Erste Recherchen ergaben, dass es im Augenblick nur noch zwei Anbieter zu geben scheint, bei denen Interessenten eine 0700-Rufnummer schalten oder hinportieren lassen können. Das ist der Anbieter AS-Infodienste, wobei AS für Andreas Schlacht steht. Das ist ein kleines Unternehmen aus Mülheim an der Ruhr, das seit vielen Jahren im Markt tätig ist. "Wir sind mit der 0700-Rufnummer groß geworden", erklärte uns Firmenchef und Gründer Schlacht dazu. Der Betrieb einer 0700-Rufnummer kostet dort - ähnlich wie bei der Telekom bis zuletzt - 7,74 Euro im Monat. Die Aktivierung an sich ist kostenlos, wenn der Kunde einen Zugang zu Webstatistiken oder einem Anrufmanager im Web wünscht, werden einmalig 22,61 Euro fällig. Ankommende Anrufe, die zu Festnetzrufnummern weitergeleitet werden, sind kostenlos. Weiterleitungen zu Mobilfunk (22 Cent/Minute) oder ins Ausland kosten Geld.
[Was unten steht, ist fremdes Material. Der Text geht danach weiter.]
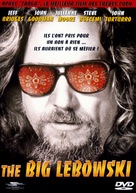 The Big Lebowski - French Movie Cover (xs thumbnail)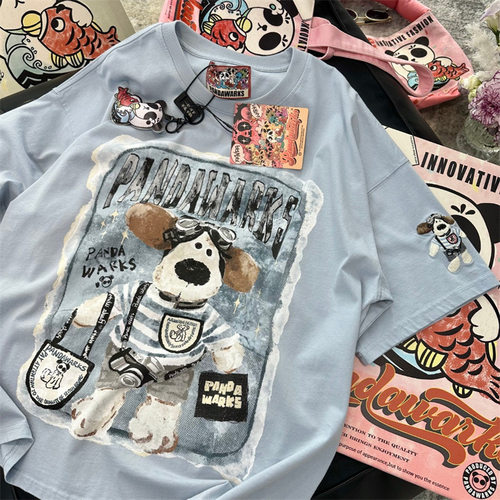 【限时抢购】宽松圆领卫衣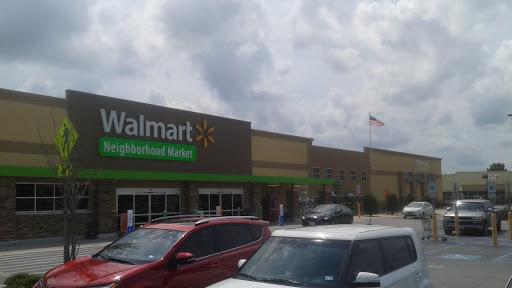 Supermarket «Walmart Neighborhood Market», reviews and photos, 3930 Teasley Ln, Denton, TX 76210, USA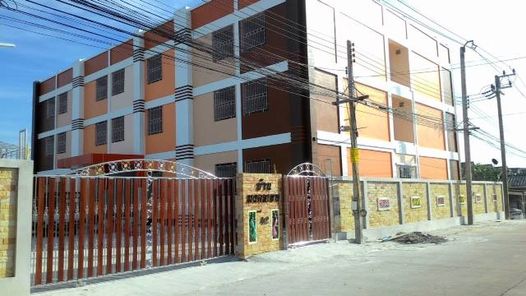 หอพักบ้านมงคลเทพ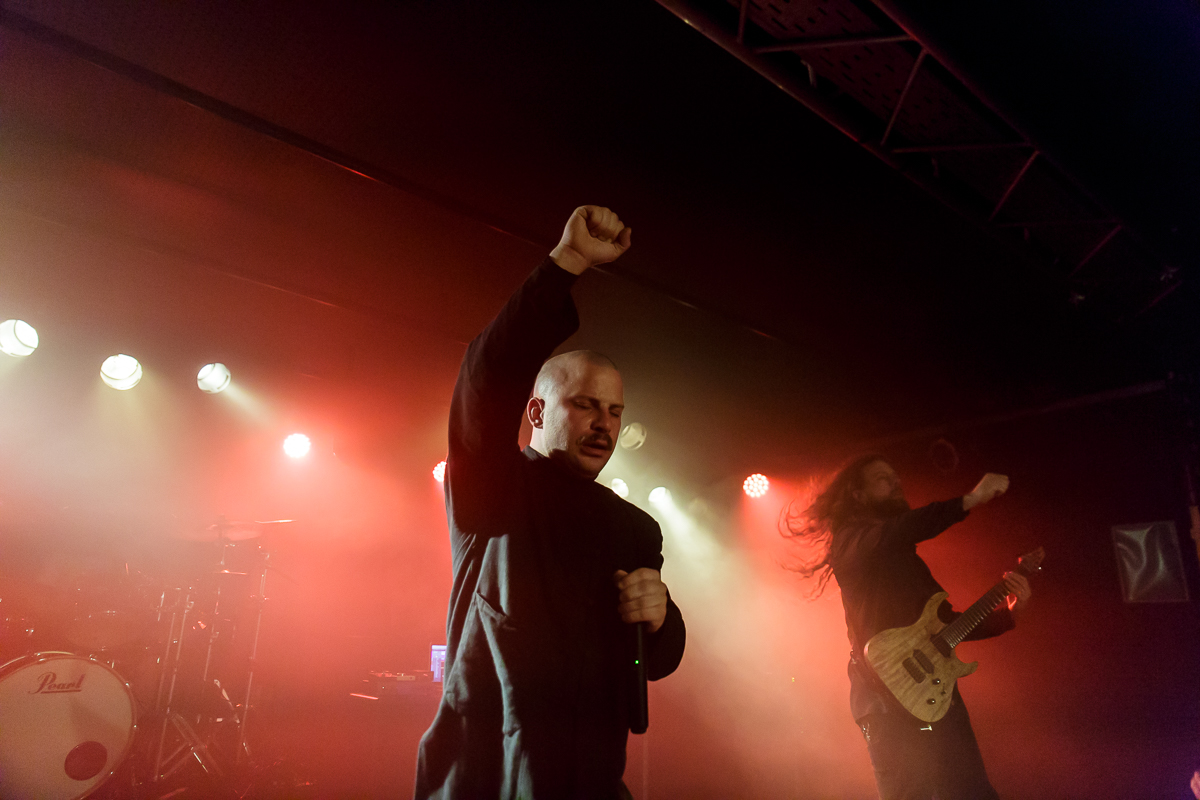Rivers Of Nihil @ Trix Club, picture 17, photographed by Peter Smet - FrontView Magazine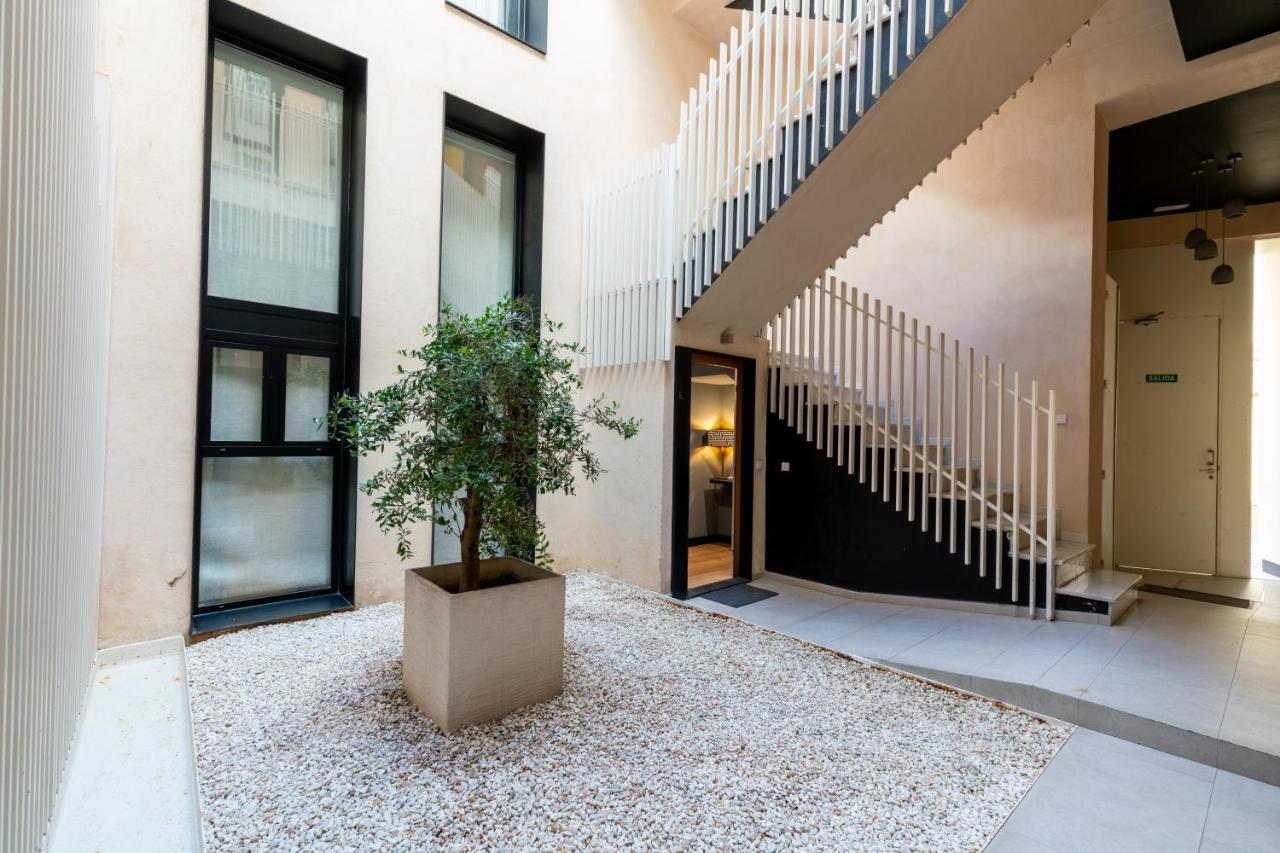 Luxury Loft En El Centro Apartment Sevilla Bagian luar foto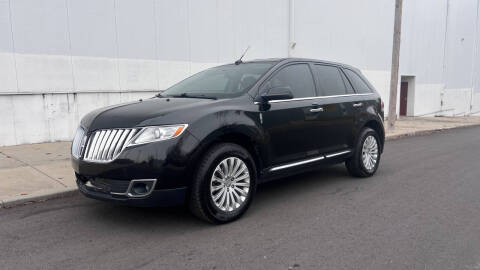2013 Lincoln MKX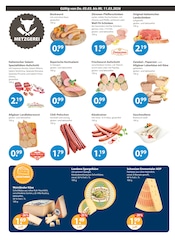 Aktueller V-Markt Prospekt mit Schinken, "V-Markt einfach besser einkaufen", Seite 2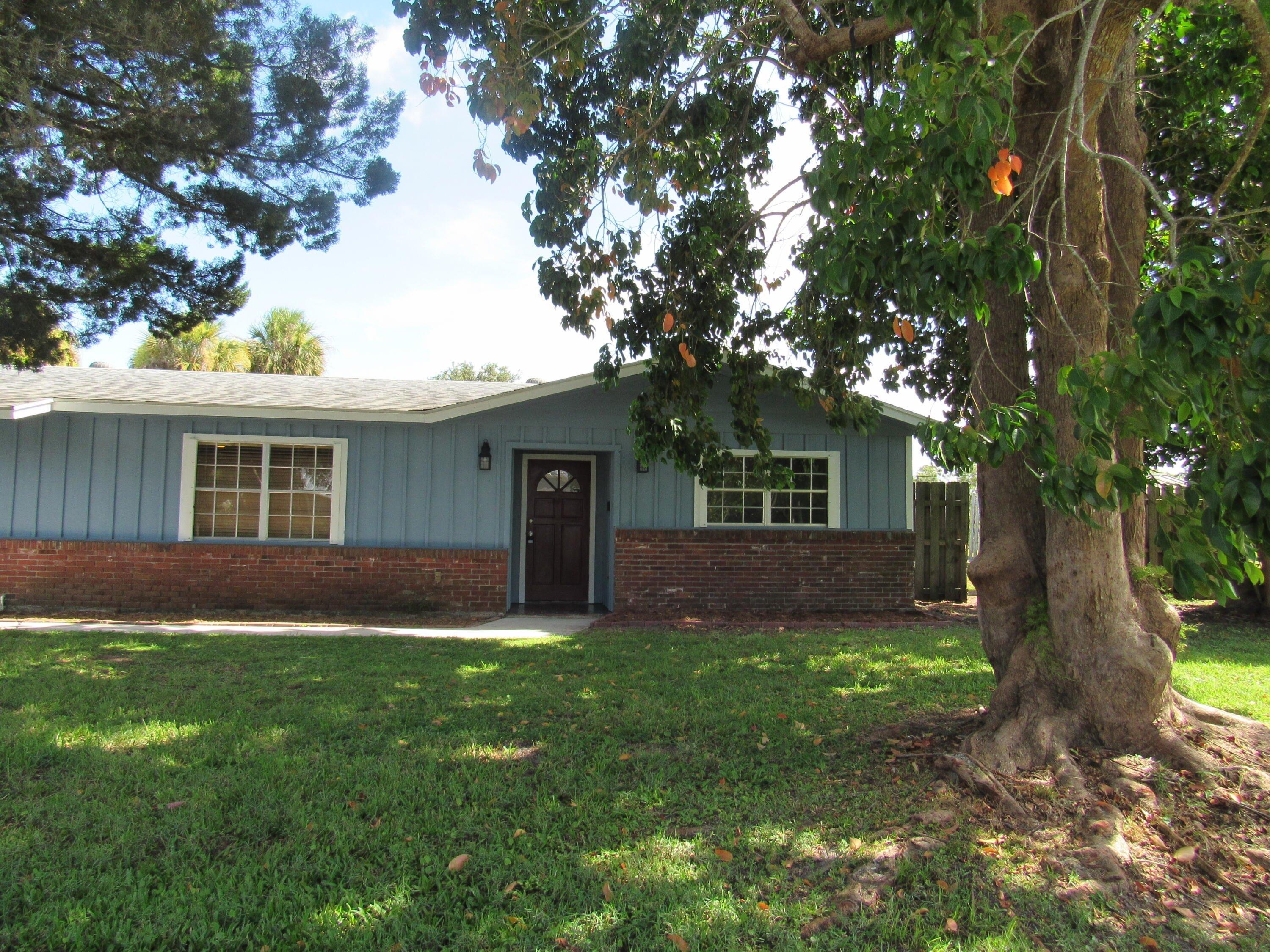 Coral St, Fort Pierce, FL 34982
Der zweite Anbieter ist die B A J GmbH, als Abkürzung des Firmenchefs Stephan Bajewski. Das Unternehmen mit Sitz in Essen bietet die Schaltung der Rufnummer für 5,95 Euro im Monat an. Dort kann auf maximal 9 nationale Festnetznummern über ein Web-Login für beliebig viele Zielnummernänderungen und Statistik-Abfragen zugegriffen werden. Es gibt keine Einrichtungskosten, keinen Mindestumsatz und keine Portierungsgebühren. Ein Tarifwechsel oder eine Kündigung ist mit einer Frist von 4 Tagen zum Monatsende möglich.
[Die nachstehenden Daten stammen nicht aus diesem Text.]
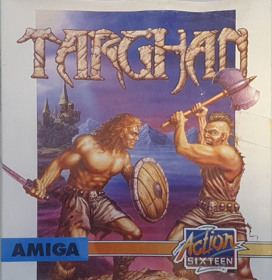 Targhan - Box - Front (United Kingdom) - 1004x1034
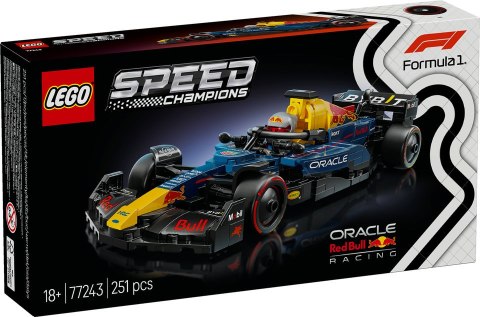 77243 | Bolid F1® Oracle Red Bull Racing RB20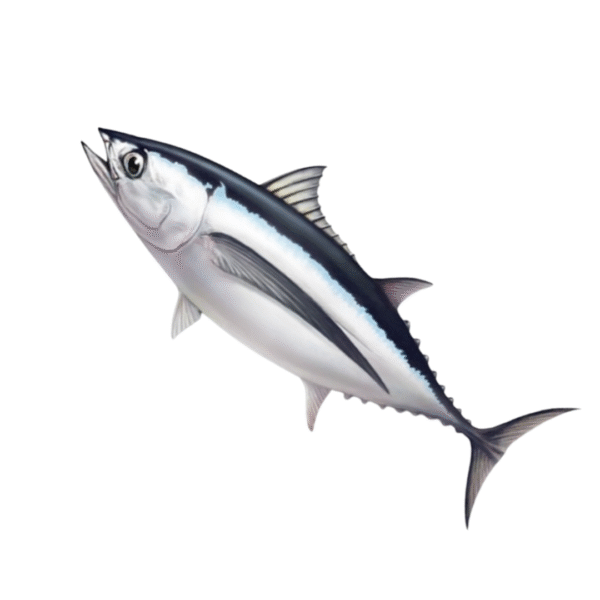 Bonito del Norte (De 3lb a 4lb)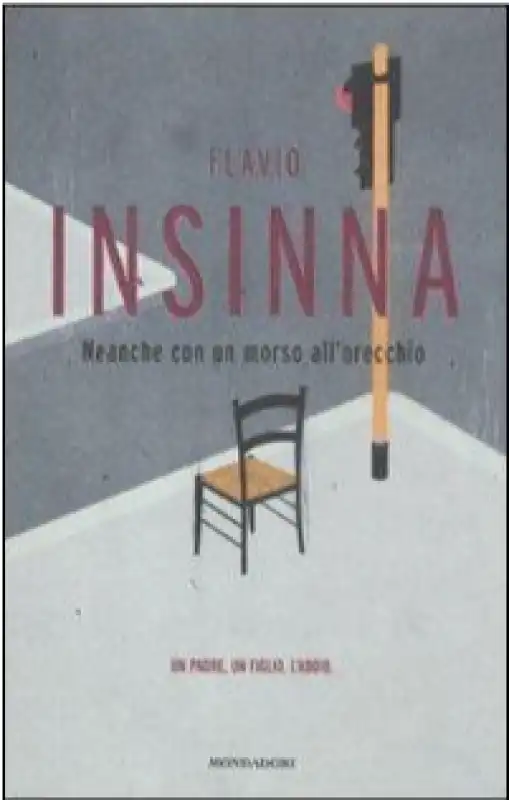 flavio insinna cover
Ankommende Anrufe auf der 0700-Rufnummer sind bei BAJ kostenfrei, wenn sie auf einer deutschen Festnetzrufnummer terminieren, zu Mobilfunk werden 23 Cent pro Minute (alle Netze) berechnet, Weiterleitungen ins Ausland kosten ebenfalls extra. Für Firmen kann auch ein Büro-Service, ein Faxgerät oder weitere Dienste gegen Aufpreis nachgeschaltet werden. Anrufe aus dem Ausland zu 0700 kann auch BAJ nicht garantieren, "es kann funktionieren, muss aber nicht", verriet uns Firmenchef Bajewksi auf Anfrage.
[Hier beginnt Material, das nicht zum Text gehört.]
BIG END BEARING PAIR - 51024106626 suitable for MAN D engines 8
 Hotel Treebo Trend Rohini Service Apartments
Wo bekomme ich eine 0700-Rufnummer?
Wer noch keine 0700-Rufnummer hat, kann diese beim eigenen Anbieter oder direkt bei der Bundesnetzagentur beantragen. Die Zuteilung der Rufnummer kostet einmalig 62,50 Euro, die an die Bundesnetzagentur zu bezahlen sind. Die Nummer muss binnen sechs Monaten (180 Tage) nach Erteilung "terminiert", also angeschlossen und erreichbar sein, sonst kann die Netzagentur diese Rufnummer wieder einziehen.
Persönliche Anmerkung
Der Autor erhielt von der Regulierungsbehörde für Telekommunikation und Post (RegTP) dem Vorläufer der heutigen Bundesnetzagentur im März 2000 eine 0700-Rufnummer zugeteilt, da er die Möglichkeiten der flexible Konfiguration (Abarbeiten von Ketten, Zielrufnummer nach Wochentag oder Uhrzeit) sehr schätzt. Diese 0700-Rufnummer ist eine leicht merkbare Vanity-Rufnummer.
Das Interesse an 0700-Rufnummern wäre heute sicherlich viel höher, wenn der Preis für einen Anruf 0700 analog zu 0180 gedeckelt wäre oder den gleichen Preis wie ein Anruf zu Mobilfunk oder noch besser zu regulären Festnetz-Rufnummern kosten dürfte. Das wurde von der Politik bis heute versäumt.
Update: Es hat sich eine Interessengemeinschaft der 0700-Nutzer gebildet, die eine gesetzliche Deckelung des Anrufpreises zu 0700 fordert, um die Attraktivität dieser Nummern zu erhöhen.